I have a Key-value based records in the Snowflake table, where for a given product_id there are dozens of Key-value pairs records. See the example below:
with t1 (product_id, key, value) as
(
select 101, 'grade', 'high' union all
select 101, 'expense_cost', 'high' union all
select 101, 'maintenance_cost', 'medium' union all
select 102, 'grade', 'medium' union all
select 102, 'expense_cost', 'high' union all
select 103, 'expense_cost', 'high' union all
select 103, 'maintenance_cost', 'medium'
)
select * from t1;
Given this data model, the requirement is to fetch product_ids that match the filter criteria of key values.
Example 1: Fetch all product_id where key=(grade) is having value=(high or medium) & key=(expense_cost) has value=(high)
Example 2: Fetch all product_id where key=(grade) has value=(high) & key=(maintenance_cost) has value=(high or medium)
I am able to solve this requirement using a Snowflake PIVOT
function, which first converts Key-Value data structure to Columnar data structure and then applies a Filter
condition using the WHERE
clause. Is there a better way to solve this problem without using PIVOTs, for example by using some Window functionality, etc.?

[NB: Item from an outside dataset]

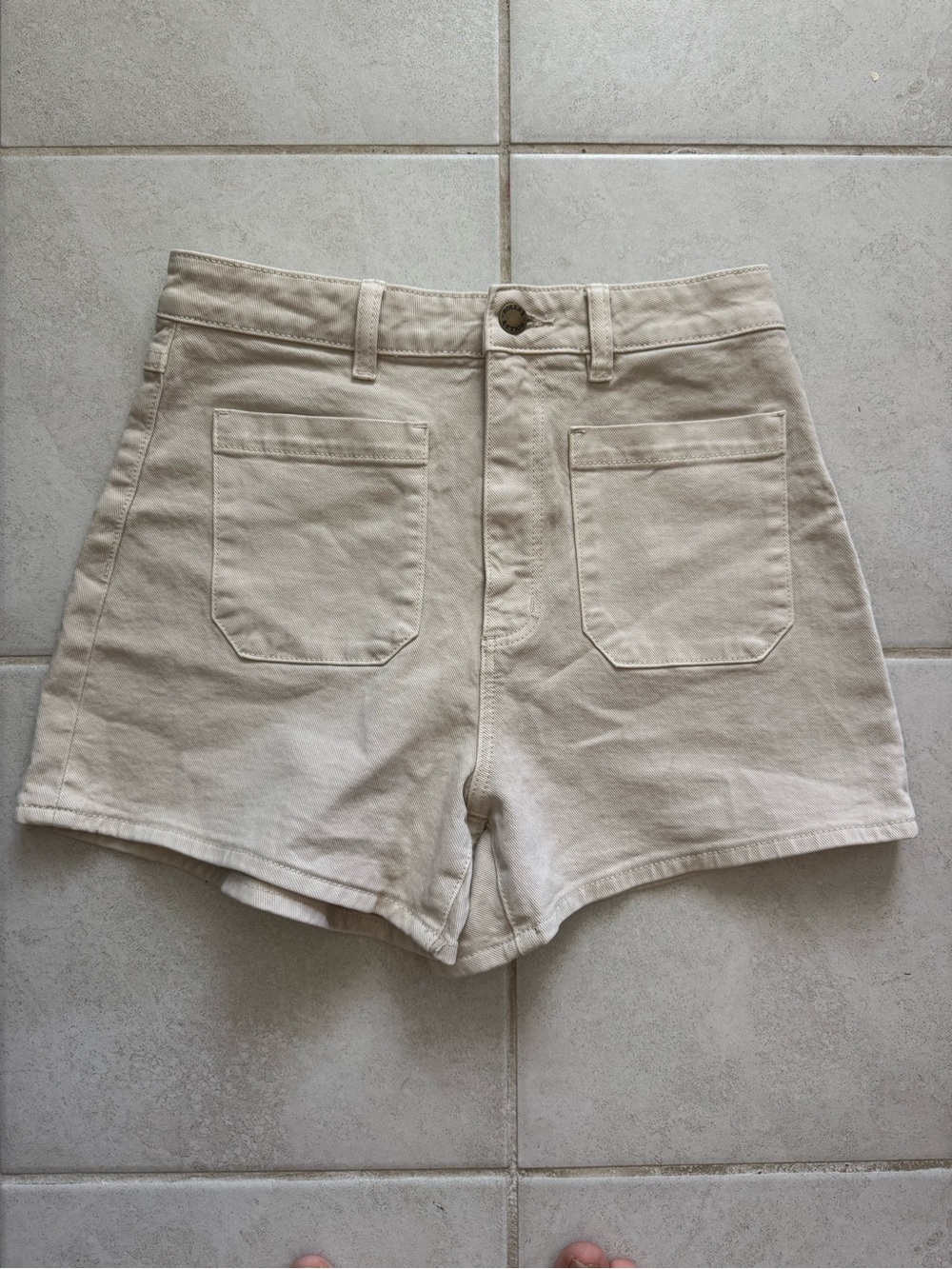 ROLLA'S High-Rise Denim Shorts 26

My PIVOT based solution for Example 1:
with t1 (product_id, key, value) as
(
select 101, 'grade', 'high' union all
select 101, 'expense_cost', 'high' union all
select 101, 'maintenance_cost', 'medium' union all
select 102, 'grade', 'medium' union all
select 102, 'expense_cost', 'high' union all
select 103, 'expense_cost', 'high' union all
select 103, 'maintenance_cost', 'medium'
)
select * from (
select product_id, key, value
from t1
where key in ('grade','expense_cost','maintenance_cost')
) pivot(min(value) for key in ('grade','expense_cost','maintenance_cost'))

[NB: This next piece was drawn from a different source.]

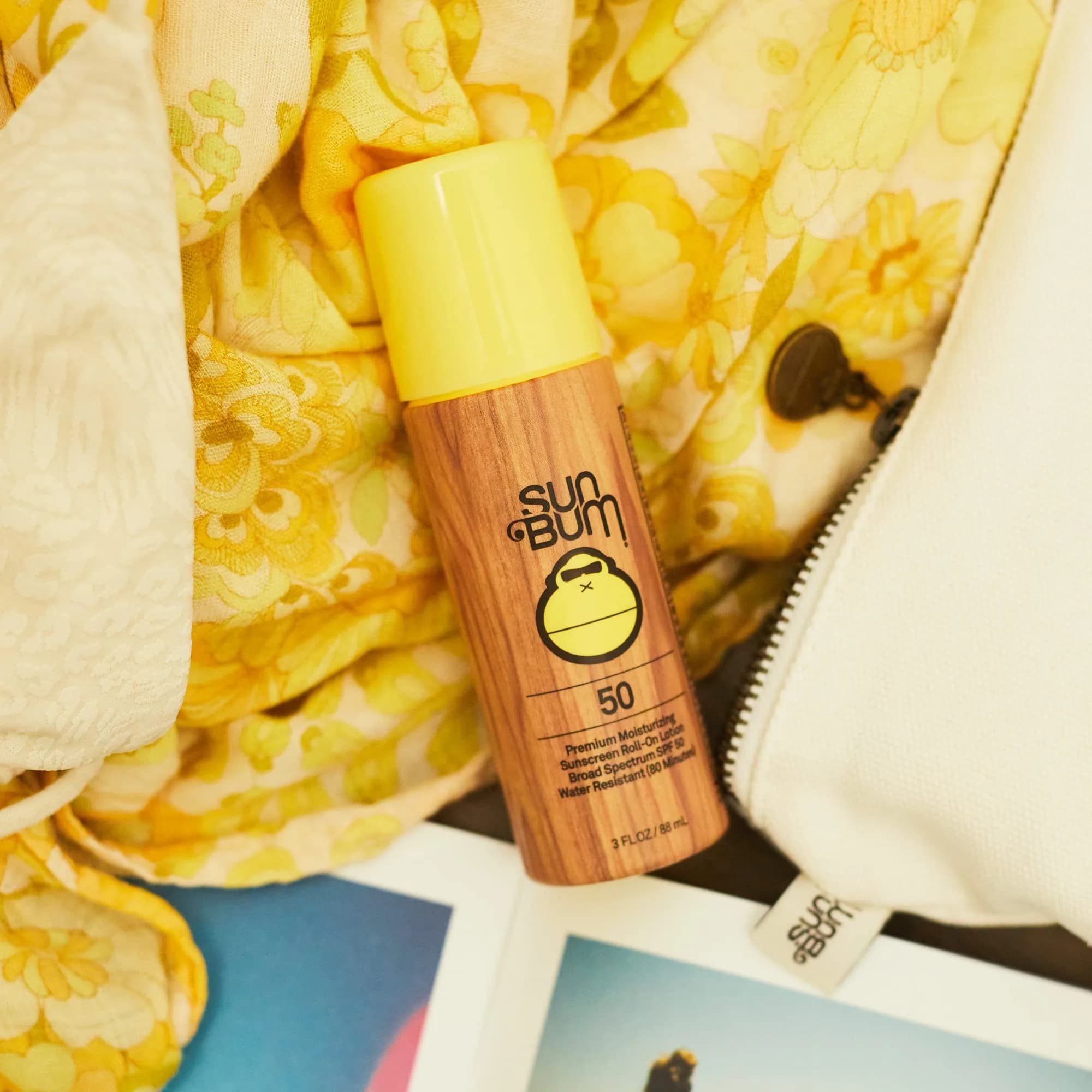 Sun Bum Original SPF 50 Roll-On Sunscreen 88 ml (3 oz) | Reef-Safe Moisturizing Sunscreen, Vitamin E Enriched, Hawaii Compliant thumbnail 3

as p (product_id, grade, expense_cost, maintenance_cost)
where grade in ('high','medium')
and expense_cost in ('high');
NOTE: IN case of using Window function, the output must only the contain the rows which qualify or pass the filter condition. The output must not contain all the records in the qualified partition.

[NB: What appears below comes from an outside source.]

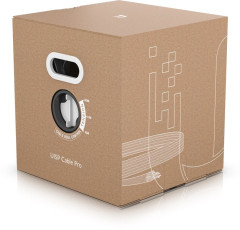 Ubiquiti Networks Ubiquiti UISP Cable Pro (TC-Pro), venkovní FTP kabel, Cat5e, 305m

Adding my solution below which is an improvement on @Lukasz Szozda's solution which had the following 2 problems:
a. For each Attribute in the Filter criteria his code needed to add an additional Window function that increased the Snowflake computation time linearly.
b. There were dozens of Attributes that needed to be removed from the resultset and adding so many Window functions for each of those Attributes would make the SQL query very bloated.
Here is my improved code:
with t1 (product_id, key, value) as
(
select 101, 'grade', 'high' union all
select 101, 'expense_cost', 'high' union all
select 101, 'maintenance_cost', 'medium' union all
select 102, 'grade', 'medium' union all
select 102, 'expense_cost', 'high' union all
select 103, 'expense_cost', 'high' union all
select 103, 'maintenance_cost', 'medium'
)
select * ,
(CASE
WHEN key = 'grade' AND value IN ('medium', 'high') THEN TRUE
WHEN key = 'expense_cost' AND value = 'high' THEN TRUE
ELSE FALSE
END) AS is_allowed
from t1
WHERE key IN ('grade', 'expense_cost')
QUALIFY COUNT_IF(is_allowed=TRUE) OVER(PARTITION BY product_id) = 2;